**PROBLEM**
Every line below must be reproduced exactly. Copy them all.

[[ RECORDS FOR THE EXERCISE open ]]

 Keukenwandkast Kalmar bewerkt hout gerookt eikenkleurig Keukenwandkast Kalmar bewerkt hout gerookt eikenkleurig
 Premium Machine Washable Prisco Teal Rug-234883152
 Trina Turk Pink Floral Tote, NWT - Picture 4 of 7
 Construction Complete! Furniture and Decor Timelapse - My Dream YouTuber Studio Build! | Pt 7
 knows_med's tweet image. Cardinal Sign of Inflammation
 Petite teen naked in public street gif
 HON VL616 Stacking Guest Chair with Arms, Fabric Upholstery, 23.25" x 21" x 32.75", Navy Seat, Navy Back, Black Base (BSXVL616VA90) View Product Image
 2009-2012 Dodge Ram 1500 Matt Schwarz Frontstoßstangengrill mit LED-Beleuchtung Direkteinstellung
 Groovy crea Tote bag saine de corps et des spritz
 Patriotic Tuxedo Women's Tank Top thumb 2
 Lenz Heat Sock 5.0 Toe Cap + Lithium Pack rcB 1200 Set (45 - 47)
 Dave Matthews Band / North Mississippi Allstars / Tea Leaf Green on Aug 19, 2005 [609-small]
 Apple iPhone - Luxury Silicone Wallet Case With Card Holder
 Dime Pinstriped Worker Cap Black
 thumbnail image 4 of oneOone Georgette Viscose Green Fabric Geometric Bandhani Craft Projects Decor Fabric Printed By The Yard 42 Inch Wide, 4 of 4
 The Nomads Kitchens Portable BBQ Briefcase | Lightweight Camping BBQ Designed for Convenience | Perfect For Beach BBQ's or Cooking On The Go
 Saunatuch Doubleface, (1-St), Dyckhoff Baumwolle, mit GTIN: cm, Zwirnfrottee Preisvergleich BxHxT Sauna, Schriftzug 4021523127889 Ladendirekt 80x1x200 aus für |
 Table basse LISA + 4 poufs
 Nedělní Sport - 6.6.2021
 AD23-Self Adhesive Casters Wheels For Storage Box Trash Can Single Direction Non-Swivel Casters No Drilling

[[ RECORDS FOR THE EXERCISE closed ]]

**EXERCISE OUTPUT**
 Keukenwandkast Kalmar bewerkt hout gerookt eikenkleurig Keukenwandkast Kalmar bewerkt hout gerookt eikenkleurig
 Premium Machine Washable Prisco Teal Rug-234883152
 Trina Turk Pink Floral Tote, NWT - Picture 4 of 7
 Construction Complete! Furniture and Decor Timelapse - My Dream YouTuber Studio Build! | Pt 7
 knows_med's tweet image. Cardinal Sign of Inflammation
 Petite teen naked in public street gif
 HON VL616 Stacking Guest Chair with Arms, Fabric Upholstery, 23.25" x 21" x 32.75", Navy Seat, Navy Back, Black Base (BSXVL616VA90) View Product Image
 2009-2012 Dodge Ram 1500 Matt Schwarz Frontstoßstangengrill mit LED-Beleuchtung Direkteinstellung
 Groovy crea Tote bag saine de corps et des spritz
 Patriotic Tuxedo Women's Tank Top thumb 2
 Lenz Heat Sock 5.0 Toe Cap + Lithium Pack rcB 1200 Set (45 - 47)
 Dave Matthews Band / North Mississippi Allstars / Tea Leaf Green on Aug 19, 2005 [609-small]
 Apple iPhone - Luxury Silicone Wallet Case With Card Holder
 Dime Pinstriped Worker Cap Black
 thumbnail image 4 of oneOone Georgette Viscose Green Fabric Geometric Bandhani Craft Projects Decor Fabric Printed By The Yard 42 Inch Wide, 4 of 4
 The Nomads Kitchens Portable BBQ Briefcase | Lightweight Camping BBQ Designed for Convenience | Perfect For Beach BBQ's or Cooking On The Go
 Saunatuch Doubleface, (1-St), Dyckhoff Baumwolle, mit GTIN: cm, Zwirnfrottee Preisvergleich BxHxT Sauna, Schriftzug 4021523127889 Ladendirekt 80x1x200 aus für |
 Table basse LISA + 4 poufs
 Nedělní Sport - 6.6.2021
 AD23-Self Adhesive Casters Wheels For Storage Box Trash Can Single Direction Non-Swivel Casters No Drilling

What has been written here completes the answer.